Tom, there is, unfortunately, no shortage of hate in the world... But merely hurling insults - instead of attempting to disprove one's opponent's claims - is likely to only increase the level of mindless hate, and reduce the influence of rational thought.
As to the other poster's comments about Condi Rice, which you objected to so viscerally - without personally agreeing or disagreeing (don't have enough facts to decide about Condi's relative level of truthfulness) - I'd like to call your attention to the following article, which makes some of the same claims about Condi... proving, I suppose, that at least some people are concerned about her 'Clinton-esqe' parsing of language:
"For people like Condi Rice to suggest they had never considered this possibility of suicide hijackings is either a bald-faced lie--or a more scathing indictment of our anti-terrorism establishment than any memo the president actually did see."
tnr.com
DAILY EXPRESS Crash Course by Michael Crowley
Only at TNR Online Post date: 05.17.02
Despite the gleeful braying of Democrats who, after their long period of solemn foreign-policy caution, are now acting like ecstatic children just freed by the school bell, it's not clear that the Bush administration deserves real blame for failing to see September 11 coming.
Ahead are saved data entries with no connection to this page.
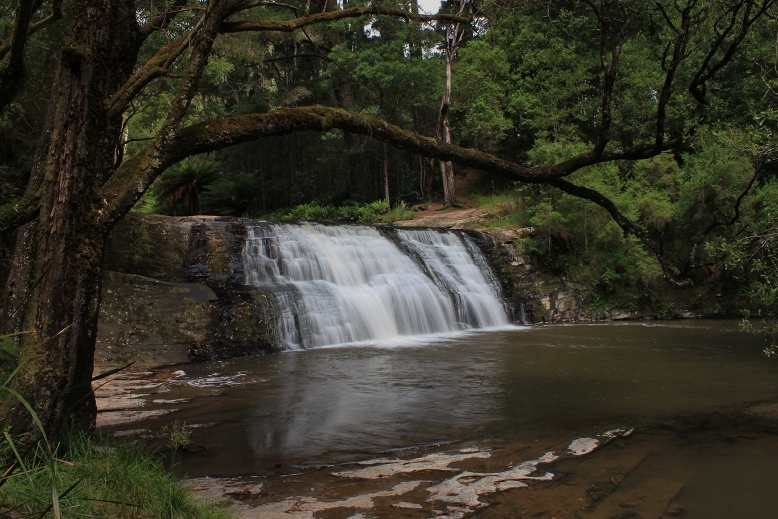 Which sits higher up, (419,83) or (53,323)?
(419,83)

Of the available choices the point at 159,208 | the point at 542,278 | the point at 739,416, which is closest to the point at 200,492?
the point at 739,416

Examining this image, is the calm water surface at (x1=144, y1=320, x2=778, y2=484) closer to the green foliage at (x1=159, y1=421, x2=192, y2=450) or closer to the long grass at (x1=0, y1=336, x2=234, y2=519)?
the green foliage at (x1=159, y1=421, x2=192, y2=450)

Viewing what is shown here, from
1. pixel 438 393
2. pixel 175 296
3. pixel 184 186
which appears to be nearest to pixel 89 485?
pixel 438 393

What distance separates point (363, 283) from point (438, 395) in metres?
7.37

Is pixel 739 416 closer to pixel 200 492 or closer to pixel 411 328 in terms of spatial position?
pixel 200 492

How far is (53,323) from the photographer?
11.4ft

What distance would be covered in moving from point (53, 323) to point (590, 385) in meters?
6.92

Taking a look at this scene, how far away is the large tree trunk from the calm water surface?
1514 mm

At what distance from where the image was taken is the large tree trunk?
3.38 meters

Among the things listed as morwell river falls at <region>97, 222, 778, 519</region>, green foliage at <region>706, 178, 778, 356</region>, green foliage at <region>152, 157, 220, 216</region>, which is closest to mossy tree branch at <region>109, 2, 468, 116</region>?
morwell river falls at <region>97, 222, 778, 519</region>

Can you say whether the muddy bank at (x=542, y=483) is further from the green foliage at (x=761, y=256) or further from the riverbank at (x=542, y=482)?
the green foliage at (x=761, y=256)

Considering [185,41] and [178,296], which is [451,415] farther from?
[178,296]

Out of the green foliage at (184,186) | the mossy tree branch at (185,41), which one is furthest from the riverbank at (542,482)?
the green foliage at (184,186)

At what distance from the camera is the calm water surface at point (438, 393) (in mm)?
5609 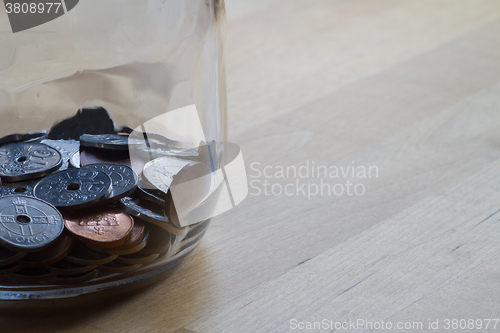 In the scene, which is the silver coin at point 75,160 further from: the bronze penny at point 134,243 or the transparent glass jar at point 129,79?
the bronze penny at point 134,243

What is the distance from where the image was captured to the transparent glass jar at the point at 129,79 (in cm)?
58

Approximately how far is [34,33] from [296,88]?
574 mm

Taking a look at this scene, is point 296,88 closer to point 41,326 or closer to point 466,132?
point 466,132

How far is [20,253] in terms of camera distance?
0.46 m

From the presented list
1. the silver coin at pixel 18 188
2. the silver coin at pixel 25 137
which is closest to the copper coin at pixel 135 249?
the silver coin at pixel 18 188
However, in their hyper-defensive response, the Bushies are repeating one infuriatingly disingenuous line that insults everybody's intelligence. Let us now cut to Condoleezza Rice, articulating it in the White House briefing room yesterday:
I don't think anybody could have predicted that these people would take an airplane and slam it into the World Trade Center, take another one and slam it into the Pentagon, that they would try to use an airplane as a missile, a hijacked airplane as a missile. All of this reporting about hijacking was about traditional hijacking. You take a plane. People were worried they might blow one up, but they were mostly worried that they might try to take a plane and use it for release of the Blind Sheikh or some of their own people.
This is, quite simply, a load of bunk. First, as my colleague Jonathan Chait points out , the measures you'd use to prevent a suicide hijacking are identical to the ones you'd use to prevent an ordinary hijacking. And second, there was plenty of reason to suspect that terrorists were contemplating suicide hijackings--specifically the fact they had already tried them.
In 1994 a group of Islamic militants hijacked an Air France plane in Algiers and flew it to Marseilles, where they demanded three times the fuel their short flight to Paris--which they declared to be their destination--would require. French troops stormed the plane and killed the hijackers, but released hostages said the terrorists had talked about exploding the plane over Paris or crashing it into the Eiffel Tower.
In 1995 Philippine police broke up an Al Qaeda plan to hijack and explode as many as a dozen jetliners over the Pacific Ocean. The investigation also revealed, as The Washington Post reported last December, that one of the operatives also intended to "buy, rent, or steal ... a small plane, preferably a Cessna, fill it with explosives and crash it into CIA headquarters." And there's more: "There were secondary targets the terrorist cell wanted hit: Congress, the White House, the Pentagon and possibly some skyscrapers," the Post reported. "The only problem, [one suspect] complained, was that they needed more trained pilots to carry out the plot." That last line alone should have had every U.S. intelligence agency monitoring flight schools--or at least paying more attention to the now-famous Phoenix FBI memo warning of suspicious Middle Easterners learning to fly jets.
People also forget that a plane has already crashed into the White House. Back in 1994 a lone nut flew his small propeller plan into the Clinton residence, causing minimal damage. Even Columbine killers Eric Harris and Dylan Klebold talked about commandeering a plane and slamming it into--where else?--the World Trade Center. Finally, let me say from personal experience that even in those carefree pre-9/11 days I used to cringe, during approaches into National and LaGuardia airports, at how near speeding jets could come to landmarks like the Capitol. Fine, call me a paranoiac. But isn't the job of our intelligence and national-security community supposed to be full-time paranoia? For people like Condi Rice to suggest they had never considered this possibility of suicide hijackings is either a bald-faced lie--or a more scathing indictment of our anti-terrorism establishment than any memo the president actually did see.